Côté cinéma, c’est l’heure des bilans. Un bilan cannois, qui semble avoir déçu l’équipe cinéma présente sur la Croisette. Aucun de nos chouchous n’a été primé : ni Lars von Trier mis d’emblée hors compétition dont le film The House that Jack Built a été adoré ; ni Lee Chang-dong, ni Jia Zhang-ke, ni Gaspar Noé, ni Nuri Bilge Ceylan… Peu importe finalement, mais ne manquez pas à leurs sorties ces merveilleux films. Heureusement la Palme d’or est une belle palme, comme l’année précédente avec The Square, Kore-Eda signe un très beau film avec Une affaire de famille. Et notons le Prix du scénario pour une réalisatrice que nous aimons beaucoup ici, Alice Rohrwacher pour son Heureux comme Lazzaro. Attention cependant aux attrape-nigauds : Yann Gonzalez avec son film Un couteau dans le coeur, confirme qu’on peut être invité à Cannes et être un imposteur.
Côté littérature, nous vous avons sélectionné le grand livre de vos vacances, celui de Frank Witzel, Comment un adolescent maniaco-dépressif inventa la Fraction Armée Rouge au cours de l’été 1969 (Grasset). Il a obtenu pour ce livre le Deutscher Buchpreis en 2015, livre qui se concentre sur l’année 1969, année matrice qui lui permet de dresser un tableau de l’Allemagne d’après-guerre jusqu’à nos jours, avec une grande acuité et dans une forme postmoderne très réussie.

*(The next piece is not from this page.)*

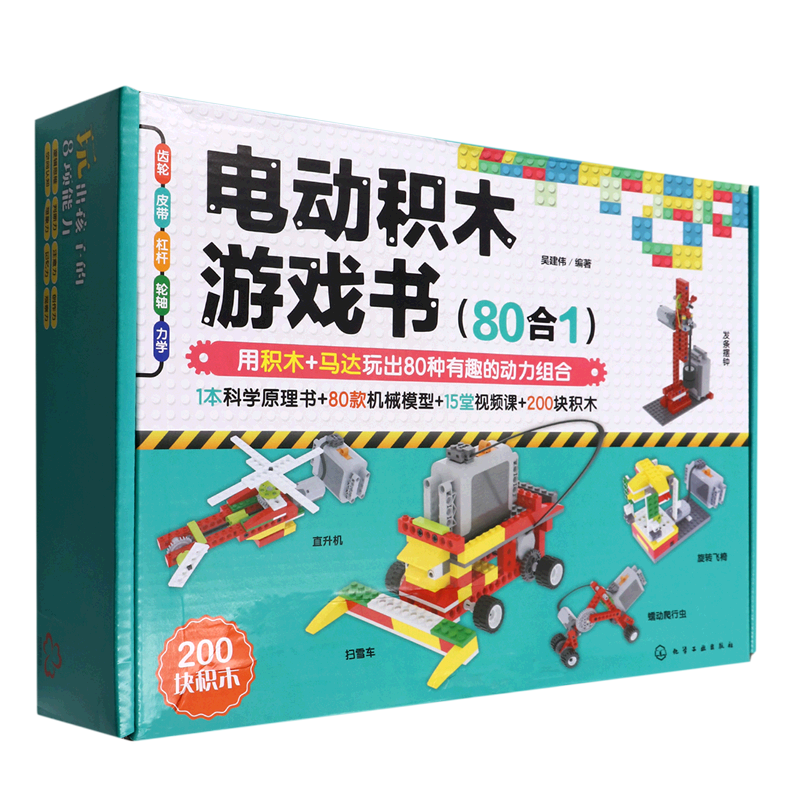 电动积木游戏书 80合1 3-6-12岁少儿童科普逻辑思维想象力物理启蒙科学实验手工diy早教益智书籍儿童六一节礼物积木搭建玩具教程书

Un dernier mot, sur la mort de l’immense écrivain Philip Roth, mort que j’ai apprise ce matin, à l’heure où j’écris cet édito. Transfuge avait fait un dossier très fouillé sur lui, et sa couv, pour notre quatrième numéro, en septembre 2004.

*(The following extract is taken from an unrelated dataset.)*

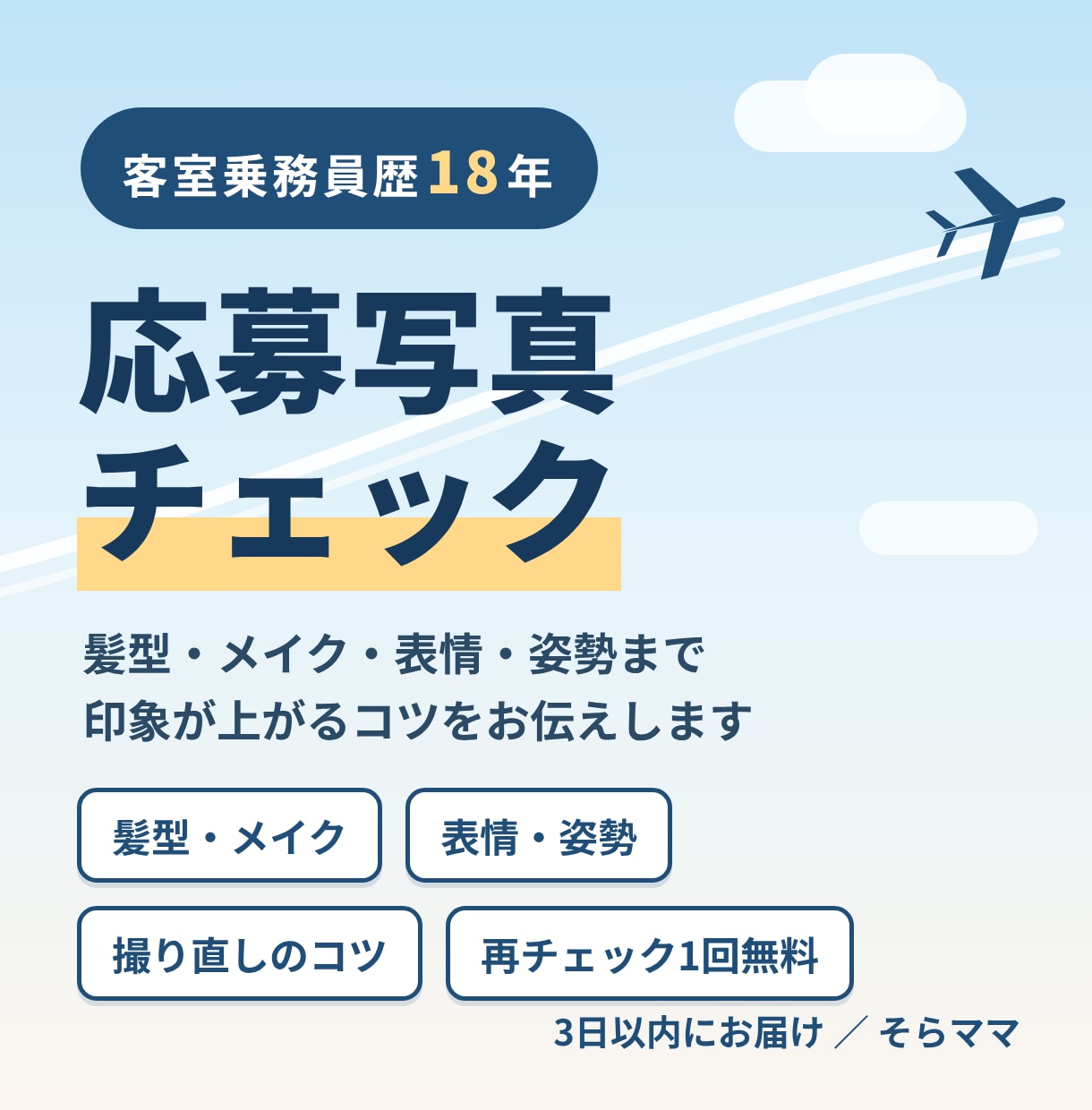 CA歴18年の目線で応募写真をチェックします 髪型・メイク・表情・姿勢まで、印象が上がるコツを イメージ1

Il alliait puissance narrative et puissance intellectuelle. Il était un des meilleurs pourfendeurs du politically correct, du progressisme béat, mais toujours dans une approche dialogique, les conceptions idéologiques s’opposant toujours et s’incarnant dans différents personnages, sans jamais qu’une conception l’emporte sur l’autre. Et qui fut meilleur que lui, pour s’attaquer comme Flaubert aux idées reçues ? Qui fut meilleur que lui pour s’attaquer à un sujet, à tous les mensonges qu’une société donnée produit sur un sujet (les femmes, le sexe, le monde universitaire, le progressisme, le judaïsme) ? Pour, tel Nietzsche, renverser les valeurs traditionnellement admises, acceptées tel quel, et finalement impensées. « Quelle dose de vérité un esprit est-il capable de supporter ? » demandait Nietzche. Dose maximale pour Philip Roth ! Un grand vitaliste vient de s’éteindre.